In 1999 Congress passed the Gramm-Leach-Bliley Act, which repealed certain provisions of the Glass-Steagall Act including prohibitions: (1) against affiliation of any Federal Reserve member bank with an entity engaged principally in securities activities; and (2) against simultaneous service by any officer, director, or employee of a securities firm as an officer, director, or employee of any member bank.

Summary of Bill: The memorial asks that Congress enact legislation that would reinstate the separation of commercial and investment banking functions that were in effect under the Glass-Steagall Act, prohibiting commercial banks and bank holding companies from investing in stocks, underwriting securities, or investing in or acting as guarantors to derivative transactions, in order to prevent American taxpayers from being called upon to fund hundreds of billions of dollars to bail out financial institutions.

Appropriation: None.

Fiscal Note: Not requested.

Committee/Commission/Task Force Created: No.

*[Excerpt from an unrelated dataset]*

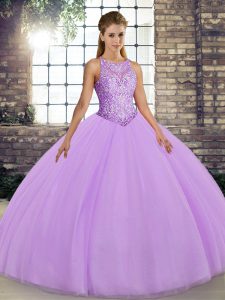 Attractive Floor Length Ball Gowns Sleeveless Lavender 15th Birthday Dress Lace Up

Staff Summary of Public Testimony:: PRO: Money is the infrastructure for the economy and we need to protect it. The Glass-Steagall Act (GSA) was enacted in the 1930s, erecting a firewall between commercial banking and investment banking. You could not use hard-working people's deposited savings for investments. GSA deteriorated and was repealed in the 1990s. When it was repealed that meant that the same people could own the commercial and investment banks. They could invest in whatever way they saw fit because the firewall was not there. Taxpayers' dollars and savings were used to invest in non-securitized items by banks. Because our savings are FDIC insured this required the federal government to use taxpayers' dollars to bail out the banks. Our savings should not be invested in such types of investments at the risk of those savings and at taxpayers' risk. This may not have caused the crash but taxpayers had to bail out the banks. GSA would redirect the firewall to protect our hard-earned savings. There is a strong movement in Congress on this issue.

CON: There were numerous causes for the Great Recession. Many blame traditional banks but there were many financial companies involved. Mortgage companies are often confused with banks. Many of those companies and banks no longer exist. The surviving banks are heavily regulated and have intense oversight. Going back to GSA would disrupt established and sound businesses practices and increase the cost of financial services.

Persons Testifying: PRO: Senator Hasegawa, prime sponsor.

CON: Denny Eliason, WA Bankers Assn.

Persons Signed In To Testify But Not Testifying: No one.